▶ Records for this task
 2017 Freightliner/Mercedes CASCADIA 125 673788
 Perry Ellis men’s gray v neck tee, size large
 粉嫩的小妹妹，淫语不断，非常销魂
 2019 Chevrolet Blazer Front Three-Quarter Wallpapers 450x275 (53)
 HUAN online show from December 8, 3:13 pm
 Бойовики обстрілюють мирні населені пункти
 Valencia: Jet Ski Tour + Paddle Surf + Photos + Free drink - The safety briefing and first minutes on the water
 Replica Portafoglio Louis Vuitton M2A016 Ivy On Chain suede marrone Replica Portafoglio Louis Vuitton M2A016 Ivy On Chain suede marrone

* * *

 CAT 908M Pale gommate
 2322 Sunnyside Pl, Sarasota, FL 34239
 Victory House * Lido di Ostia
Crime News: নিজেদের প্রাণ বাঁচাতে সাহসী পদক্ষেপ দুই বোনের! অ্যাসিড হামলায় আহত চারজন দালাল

▶ Exercise goal
Everything in the material above from the line that has "2017 Freightliner/Mercedes CASCADIA" through the line that has "suede marrone Replica" must be duplicated exactly, with no other lines given.

▶ Response to the exercise
 2017 Freightliner/Mercedes CASCADIA 125 673788
 Perry Ellis men’s gray v neck tee, size large
 粉嫩的小妹妹，淫语不断，非常销魂
 2019 Chevrolet Blazer Front Three-Quarter Wallpapers 450x275 (53)
 HUAN online show from December 8, 3:13 pm
 Бойовики обстрілюють мирні населені пункти
 Valencia: Jet Ski Tour + Paddle Surf + Photos + Free drink - The safety briefing and first minutes on the water
 Replica Portafoglio Louis Vuitton M2A016 Ivy On Chain suede marrone Replica Portafoglio Louis Vuitton M2A016 Ivy On Chain suede marrone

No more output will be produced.